Fabakary Tombong Jatta (FTJ), the newly elected speaker of the National Assembly revealed in an interview with journalist Omar Wally that he has no regret in campaigning against the draft constitution if certain clauses are not revisited.
Speaking on Thursday, he continued that he had no plan in amending or coming up with a new constitution, saying if the draft constitution is returned to the house as it was he would do his best to oppose it.
“Honestly and sincerely, it is not in the interest of this country because there are a lot of clauses that we have petitioned to the commission to review. There are a lot of contradictions, things that are aimed at strangulating leaders. Constitutions are not meant for certain institutions or groups. If the constitution will ensure effective administration and democracy, we have no problem.”
The politician stated that the commission’s operational mechanism should be revisited and qualified independent individuals should be entrusted in such positions.
FTJ reaffirmed his position to bring back Jammeh in the country, saying this is not about individuals or Jammeh, it’s about any other president that might come.
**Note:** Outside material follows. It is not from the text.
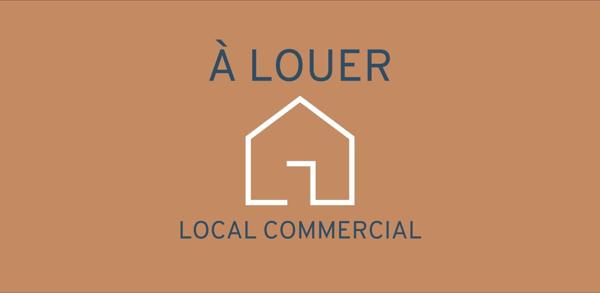 Hyper centre de LORIENT - Magasin sur axe passant
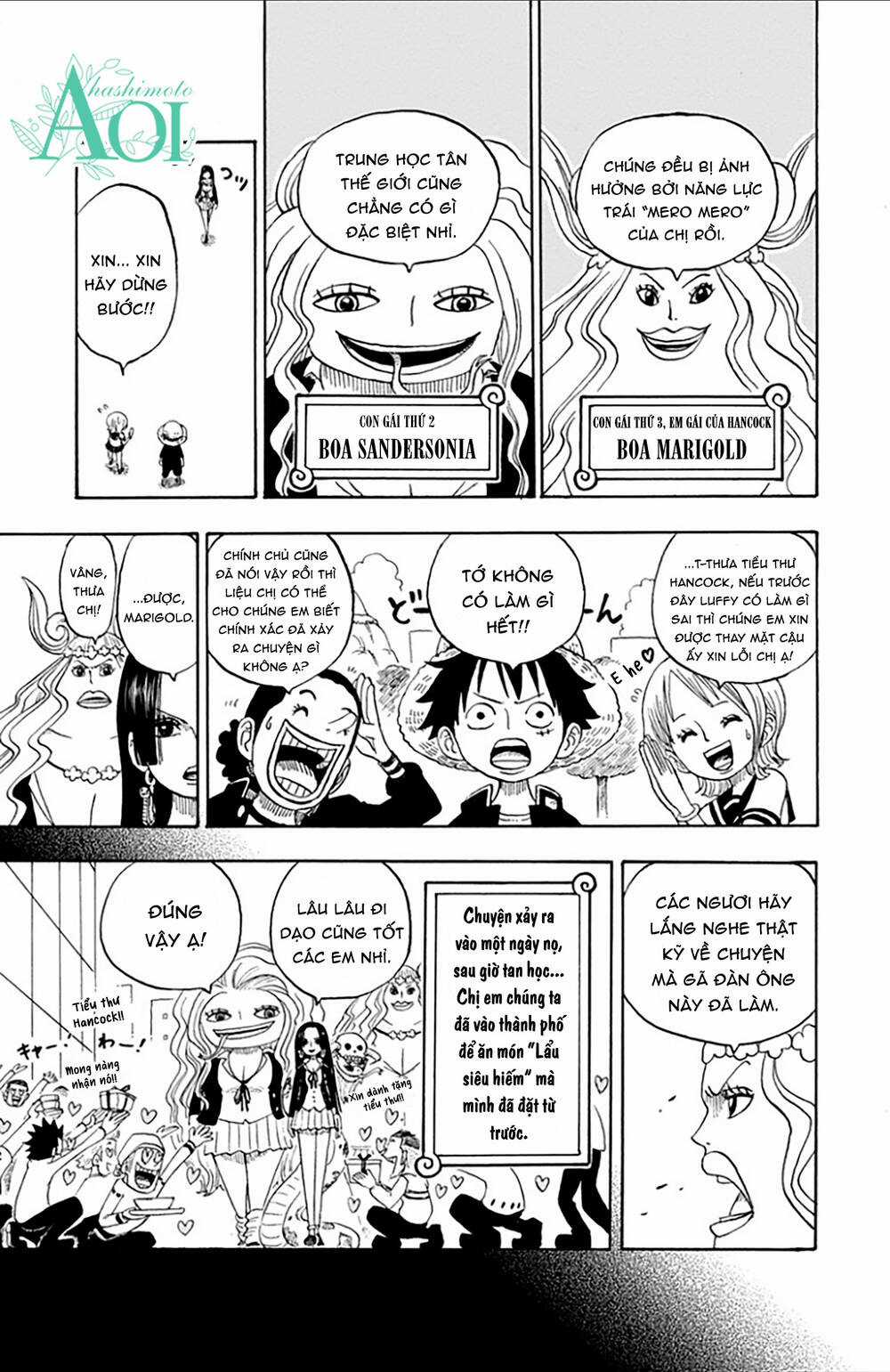 Học Viện One Piece Chapter 16 trang 8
He added that Gambians should begin to know how they see and respect our presidents. “You can make them accountable without humiliating them.”
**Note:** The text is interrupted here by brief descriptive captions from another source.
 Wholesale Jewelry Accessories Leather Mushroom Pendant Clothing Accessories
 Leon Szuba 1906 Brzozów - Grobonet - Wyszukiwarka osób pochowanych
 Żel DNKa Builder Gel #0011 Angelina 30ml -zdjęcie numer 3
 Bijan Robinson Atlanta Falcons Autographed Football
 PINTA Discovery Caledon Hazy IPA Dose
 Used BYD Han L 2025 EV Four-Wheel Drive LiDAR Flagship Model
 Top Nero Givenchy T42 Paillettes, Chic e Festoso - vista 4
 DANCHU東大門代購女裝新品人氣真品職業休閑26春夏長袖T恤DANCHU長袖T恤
Responding to questions regarding his initial step to oppose President Barrow, FTJ said he never opposed Barrow, instead Barrow opposed him while he was in government and that APRC won the 2016 election.
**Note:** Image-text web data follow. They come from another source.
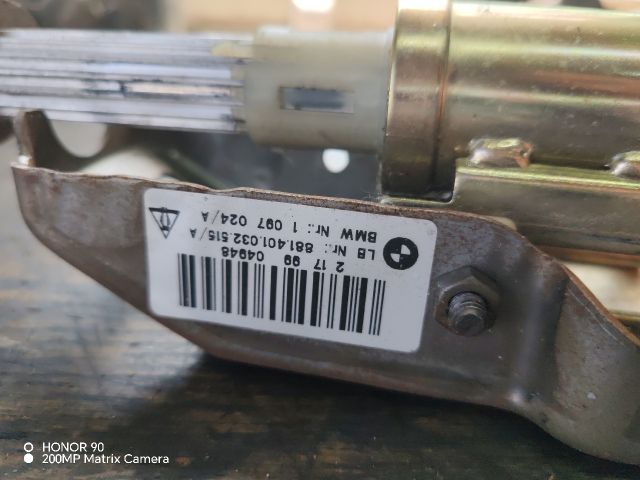 bontott BMW 3 E46 Kormányoszlop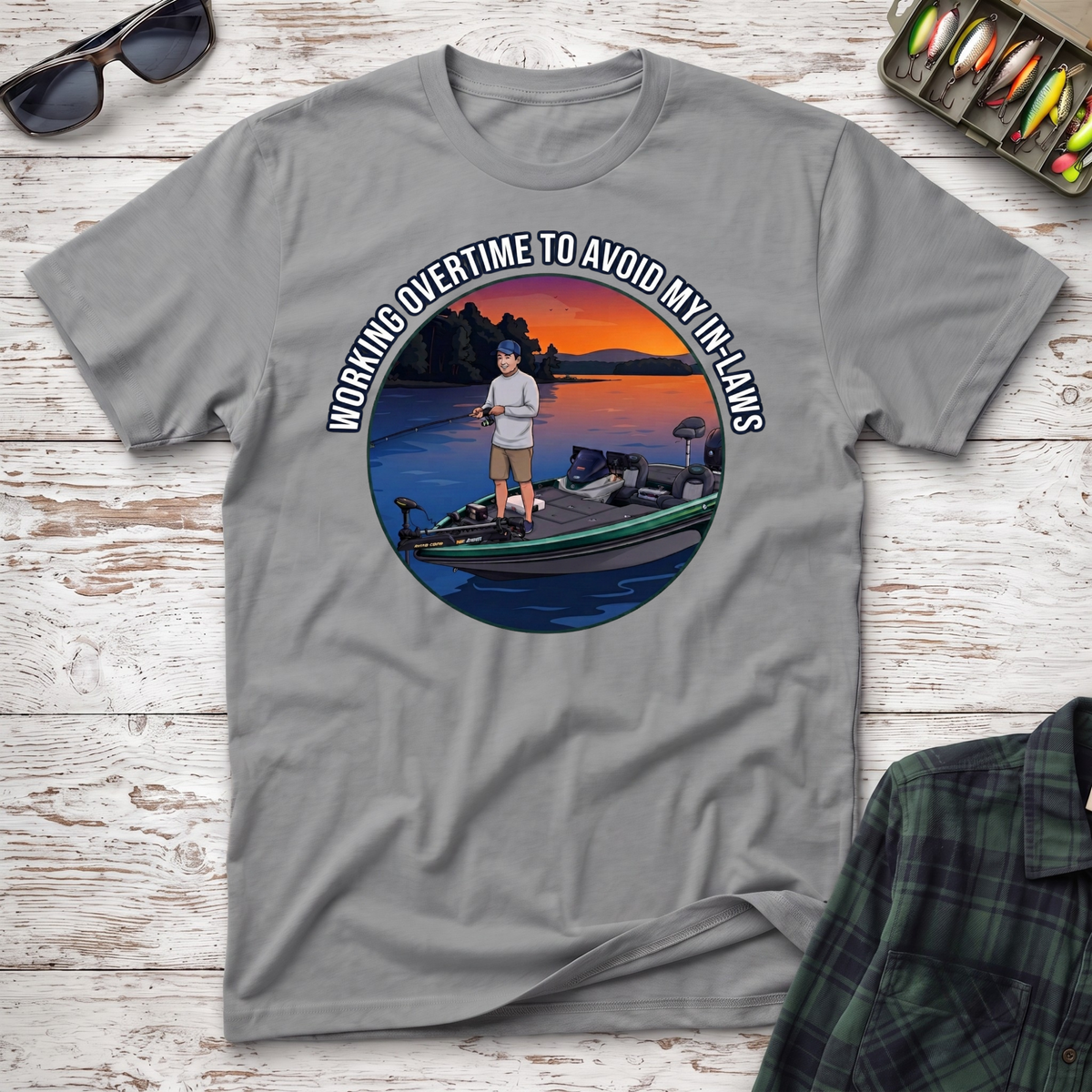 Avoid My In-Laws T-Shirt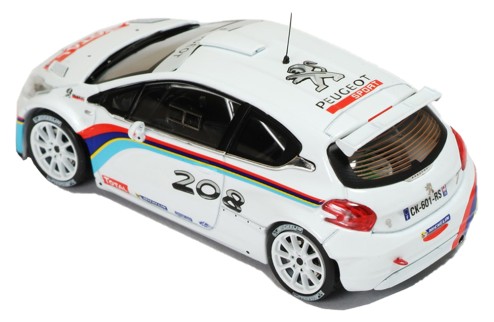 Peugeot 208 T16 R5 P.Andreucci Test Car 2013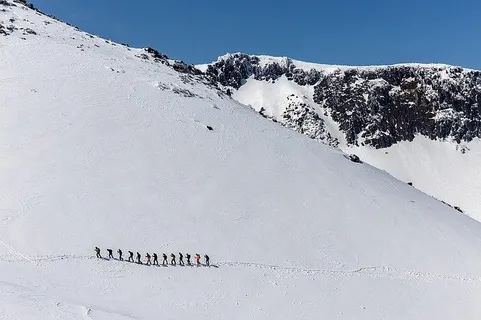 冬天白雪背景风景 冬天白雪背景风景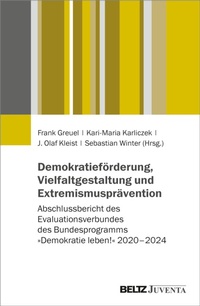 Abbildung von: Demokratieförderung, Vielfaltgestaltung und Extremismusprävention - Beltz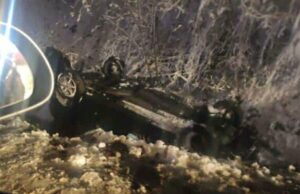 Prevrnuo se automobil kod Bistrice, pet osoba povrijeđeno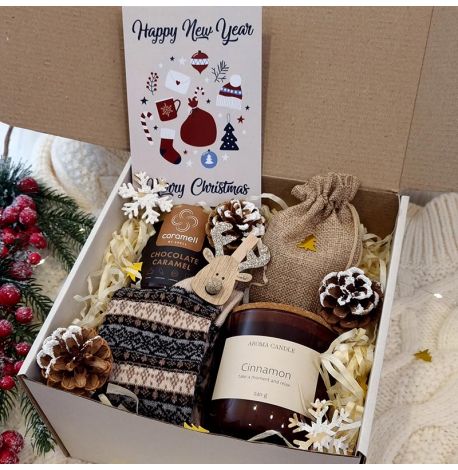 Новорічний подарунковий набір  Aesthetics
“The bad side of that election is that they didn’t allow us to result in court as it happens now in many cases.”
He said instead of allowing them to rejoice in court, they prefer escorting weapons and ammunition to set the country on flame, adding it is their constitutional mandate to result in court even if the elections were fair but because they want Jammeh out, they didn’t do that.
“I was not against Barrow as president, instead the government but when I come close to Barrow, my perception changed and it’s important to note that leaders are made by those that surround them. In the name of reconciliation, stability and progression of the country, we discussed supporting him.”
He continued to fault the legitimacy of the 2016 presidential election, saying he still believed there was foul play.
He clarified that he would never undermine Barrow’s government and would make sure that his progressive programmes for the betterment of the people are carried out.